Bug with train class method for MobileViTForSemanticSegmentation #30676

travisddavies · 2024-05-06T13:01:05Z

System Info

transformers version: 4.38.2
Platform: Linux-6.8.7-arch1-1-x86_64-with-glibc2.39
Python version: 3.11.9
Huggingface_hub version: 0.22.2
Safetensors version: 0.4.3
Accelerate version: not installed
Accelerate config: not found
PyTorch version (GPU?): 2.3.0+cu121 (True)
Tensorflow version (GPU?): not installed (NA)
Flax version (CPU?/GPU?/TPU?): not installed (NA)
Jax version: not installed
JaxLib version: not installed
Using GPU in script?:
Using distributed or parallel set-up in script?:

Who can help?

@amyeroberts @pacman100

Information

The official example scripts
My own modified scripts

Tasks

An officially supported task in the examples folder (such as GLUE/SQuAD, ...)
My own task or dataset (give details below)

Reproduction

import requests
import torch
from PIL import Image
import cv2
from transformers import MobileViTImageProcessor, MobileViTForSemanticSegmentation
from torchinfo import summary
import numpy as np

filepath = "drive/MyDrive/T55HDV_20190910T001109_20190910T012858_S2B.jpg"
image = cv2.imread(filepath)
mask = cv2.imread('drive/MyDrive/mask.jpg')[:,:,0]
mask = torch.tensor(mask)
mask = (mask > 0).float()
print(image.shape, mask.shape)

image_processor = MobileViTImageProcessor(do_reduce_labels=False)

id2label = {
    0: "background",
    1: "object",
}

label2id = {v: k for k, v in id2label.items()}

model = MobileViTForSemanticSegmentation.from_pretrained(
    "apple/mobilevit-small",
    num_labels=2,
    id2label=id2label,
    label2id=label2id)

inputs = image_processor(images=image, segmentation_maps=mask, return_tensors="pt")

model.train()
outputs = model(pixel_values=inputs["pixel_values"], labels=inputs['labels'])

Expected behavior

outputs should be returned with logits and loss.

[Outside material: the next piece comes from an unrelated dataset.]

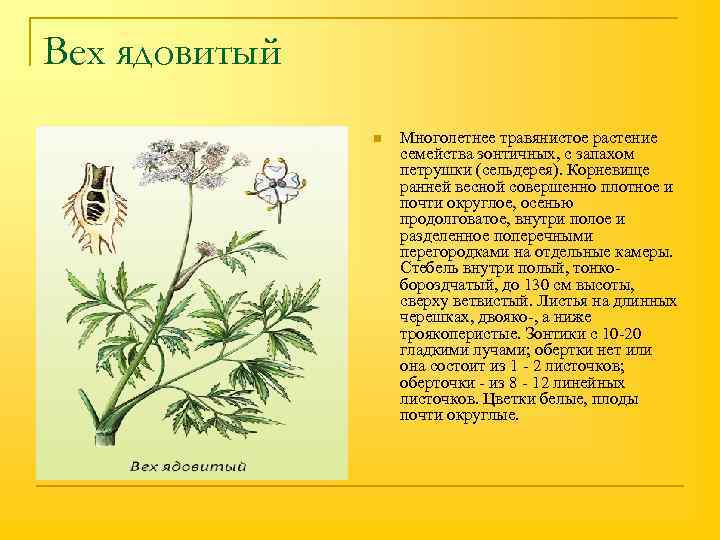 Вех ядовитый n Многолетнее травянистое растение семейства зонтичных, с запахом петрушки (сельдерея). Корневище ранней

The text was updated successfully, but these errors were encountered:

qubvel · 2024-05-06T15:03:36Z

Hi @travisddavies, can you please specify what is going wrong or provide an error traceback?

I was able to run the following code

import numpy as np
from transformers import MobileViTImageProcessor, MobileViTForSemanticSegmentation

image = np.ones((512, 512, 3), dtype=np.uint8)
mask = np.ones((512, 512), dtype=np.uint8)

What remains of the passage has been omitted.